** Task data follows **
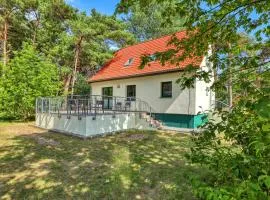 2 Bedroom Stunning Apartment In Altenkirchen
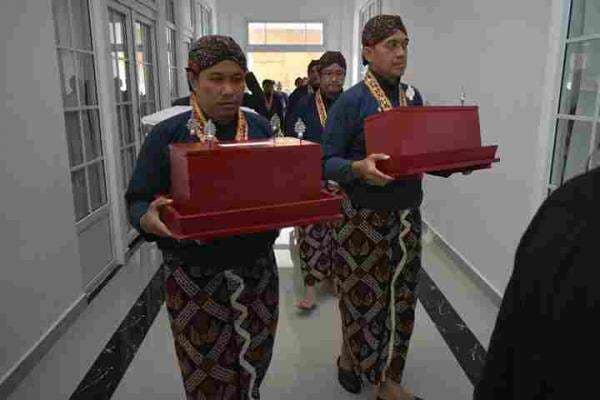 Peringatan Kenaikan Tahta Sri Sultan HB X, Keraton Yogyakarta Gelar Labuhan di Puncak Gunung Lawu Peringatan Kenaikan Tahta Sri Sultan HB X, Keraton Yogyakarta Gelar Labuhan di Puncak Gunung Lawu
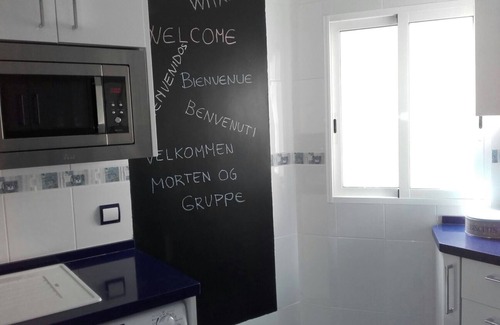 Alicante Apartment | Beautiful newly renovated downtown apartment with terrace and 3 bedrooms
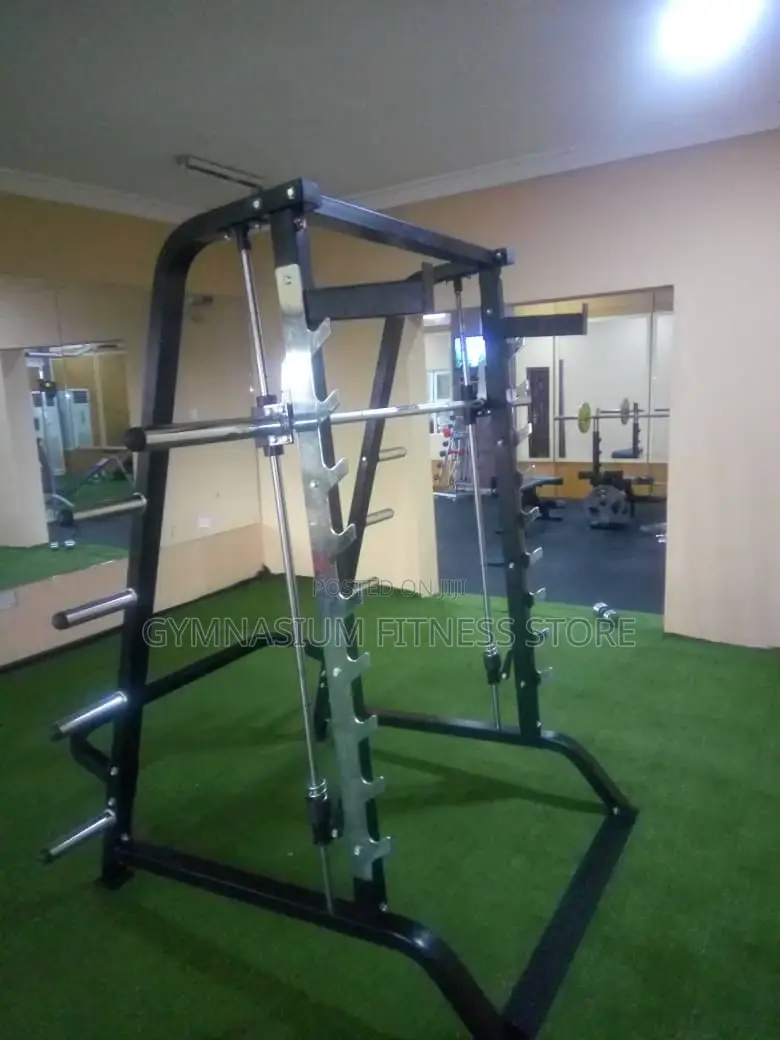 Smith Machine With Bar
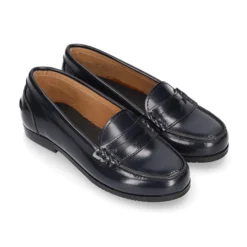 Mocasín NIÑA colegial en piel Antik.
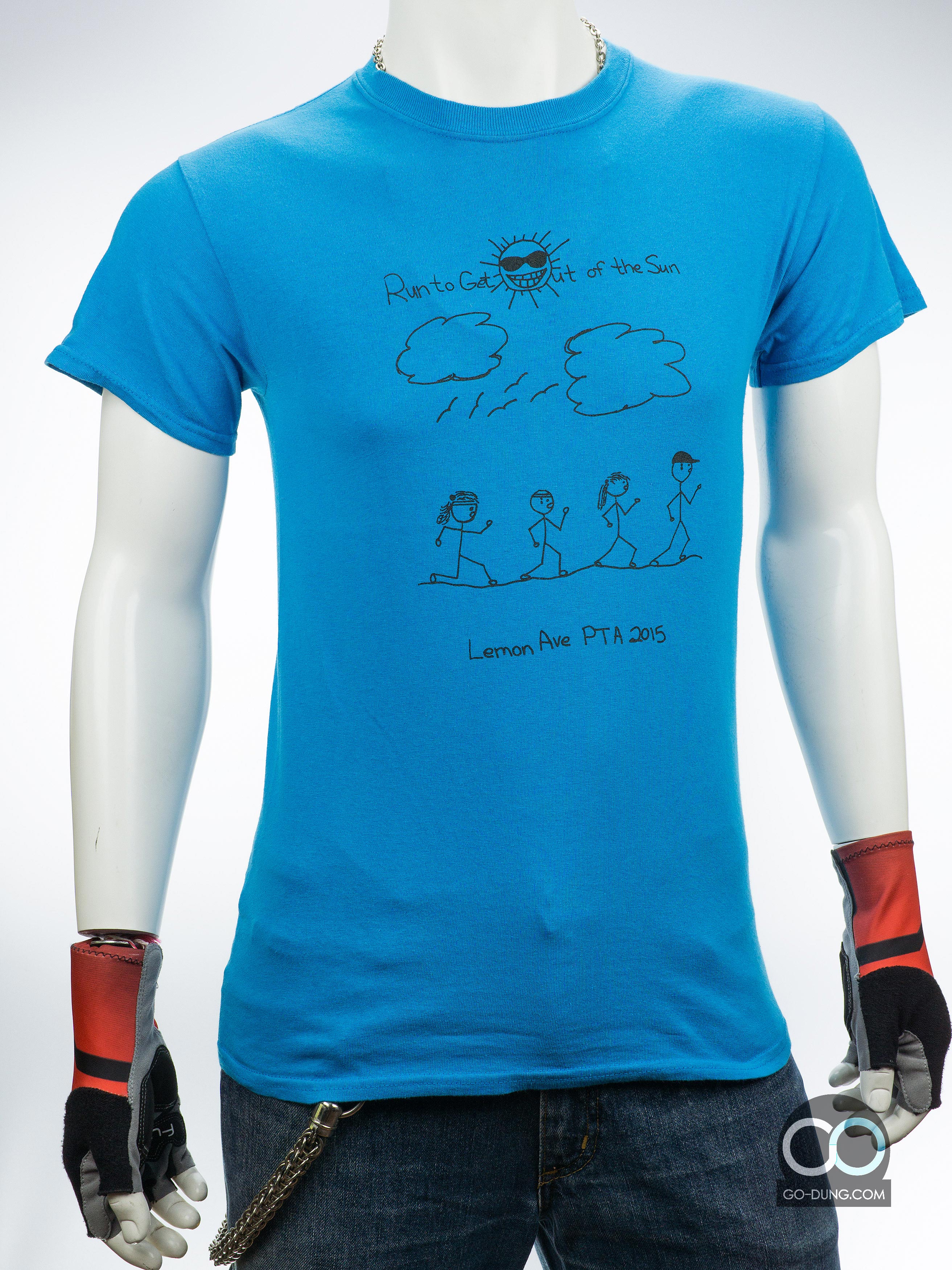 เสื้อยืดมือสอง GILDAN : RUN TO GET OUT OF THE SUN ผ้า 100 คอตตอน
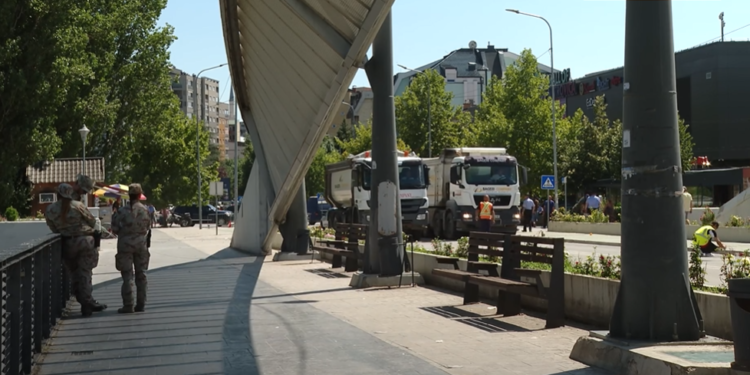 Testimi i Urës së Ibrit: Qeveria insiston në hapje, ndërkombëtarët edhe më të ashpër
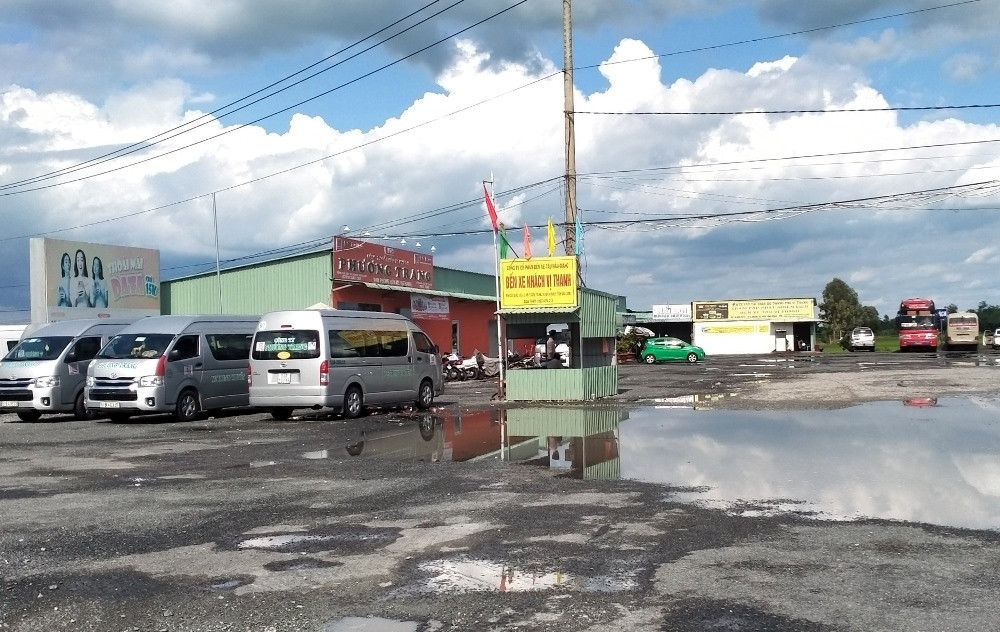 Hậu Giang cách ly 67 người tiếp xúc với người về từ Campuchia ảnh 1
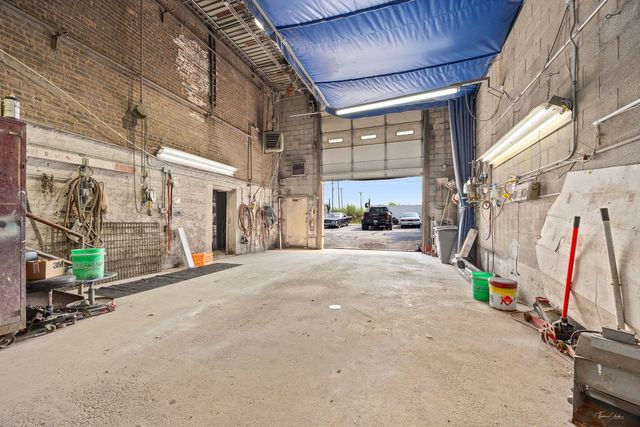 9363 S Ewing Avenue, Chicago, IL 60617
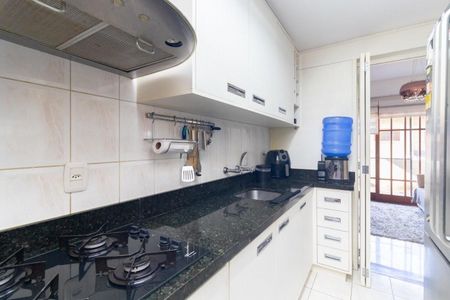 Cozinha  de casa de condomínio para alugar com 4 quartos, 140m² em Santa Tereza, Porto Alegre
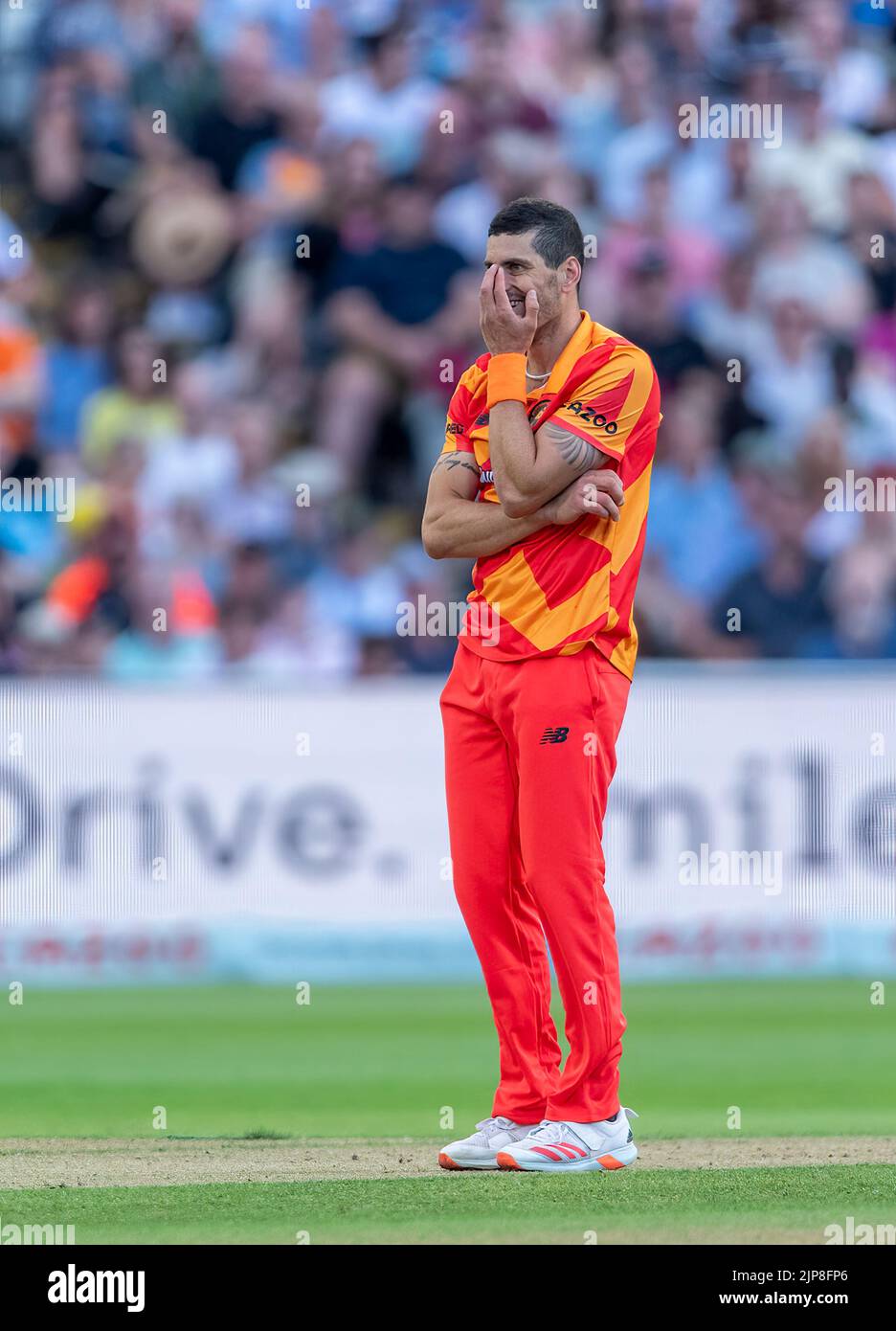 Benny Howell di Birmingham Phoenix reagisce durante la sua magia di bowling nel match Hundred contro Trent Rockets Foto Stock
** End of Task data **
## Task statement
Give the entries above again word for word, without any pictures.

## Expected output
 2 Bedroom Stunning Apartment In Altenkirchen
 Peringatan Kenaikan Tahta Sri Sultan HB X, Keraton Yogyakarta Gelar Labuhan di Puncak Gunung Lawu Peringatan Kenaikan Tahta Sri Sultan HB X, Keraton Yogyakarta Gelar Labuhan di Puncak Gunung Lawu
 Alicante Apartment | Beautiful newly renovated downtown apartment with terrace and 3 bedrooms
 Smith Machine With Bar
 Mocasín NIÑA colegial en piel Antik.
 เสื้อยืดมือสอง GILDAN : RUN TO GET OUT OF THE SUN ผ้า 100 คอตตอน
 Testimi i Urës së Ibrit: Qeveria insiston në hapje, ndërkombëtarët edhe më të ashpër
 Hậu Giang cách ly 67 người tiếp xúc với người về từ Campuchia ảnh 1
 9363 S Ewing Avenue, Chicago, IL 60617
 Cozinha  de casa de condomínio para alugar com 4 quartos, 140m² em Santa Tereza, Porto Alegre
 Benny Howell di Birmingham Phoenix reagisce durante la sua magia di bowling nel match Hundred contro Trent Rockets Foto Stock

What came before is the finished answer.